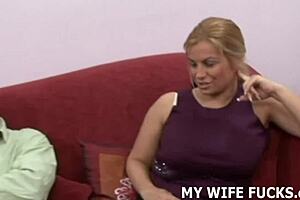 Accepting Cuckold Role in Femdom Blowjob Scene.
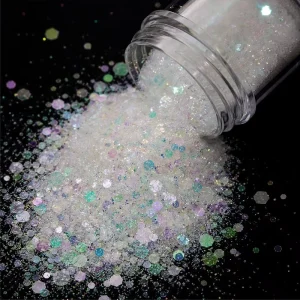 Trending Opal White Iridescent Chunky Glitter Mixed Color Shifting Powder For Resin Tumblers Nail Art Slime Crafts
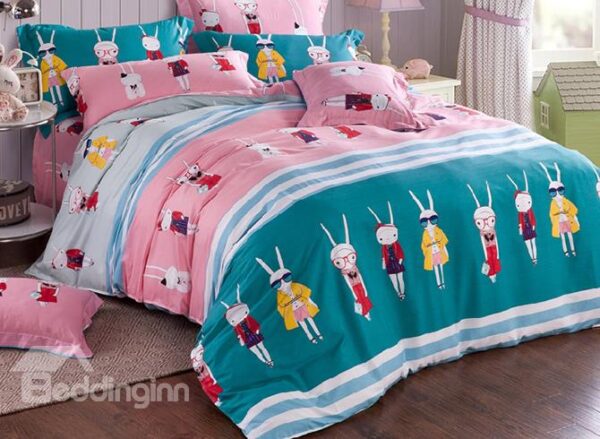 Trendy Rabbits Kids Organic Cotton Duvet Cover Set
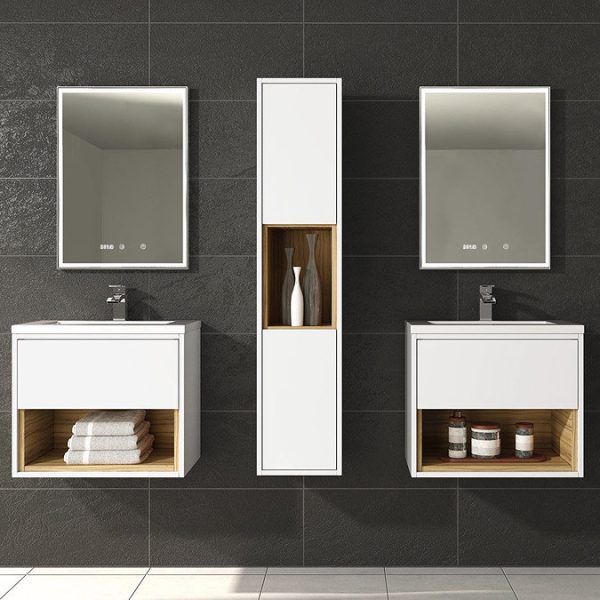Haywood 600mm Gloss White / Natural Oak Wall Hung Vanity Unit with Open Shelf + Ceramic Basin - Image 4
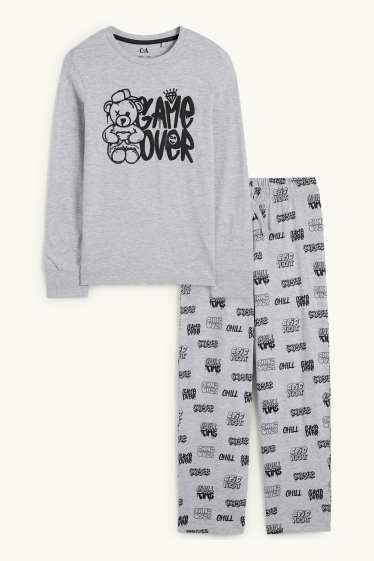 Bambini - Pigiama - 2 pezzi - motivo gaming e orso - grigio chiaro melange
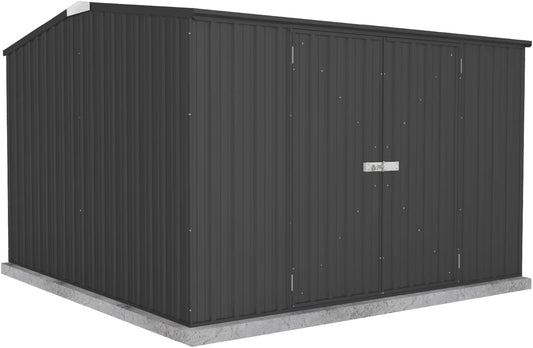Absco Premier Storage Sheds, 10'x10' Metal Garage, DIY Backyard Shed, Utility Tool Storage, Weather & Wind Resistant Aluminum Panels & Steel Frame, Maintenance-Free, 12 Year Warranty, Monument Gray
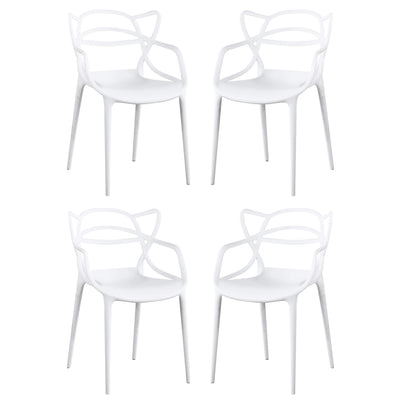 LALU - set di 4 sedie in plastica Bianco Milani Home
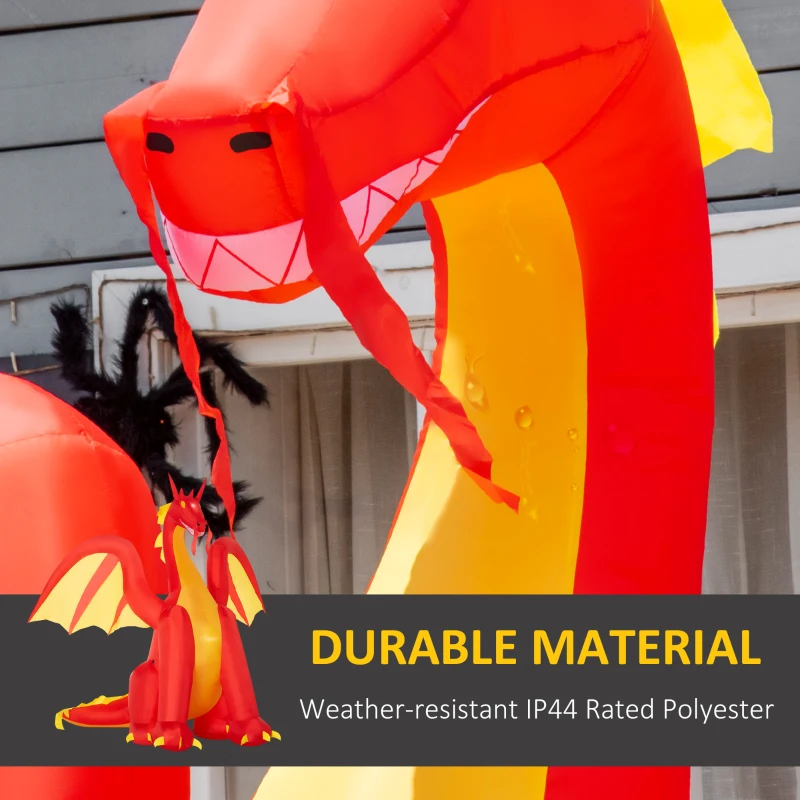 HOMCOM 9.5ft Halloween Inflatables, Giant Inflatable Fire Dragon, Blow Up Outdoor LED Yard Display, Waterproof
● ● ● ● ● ● ●
**EXERCISE BRIEF**
When you reach the line with "Haywood 600mm Gloss" in the records above, begin repeating the lines exactly, and stop after the line with "Bambini - Pigiama". Skip all pictures.

**SOLVED PROBLEM**
Haywood 600mm Gloss White / Natural Oak Wall Hung Vanity Unit with Open Shelf + Ceramic Basin - Image 4
 Bambini - Pigiama - 2 pezzi - motivo gaming e orso - grigio chiaro melange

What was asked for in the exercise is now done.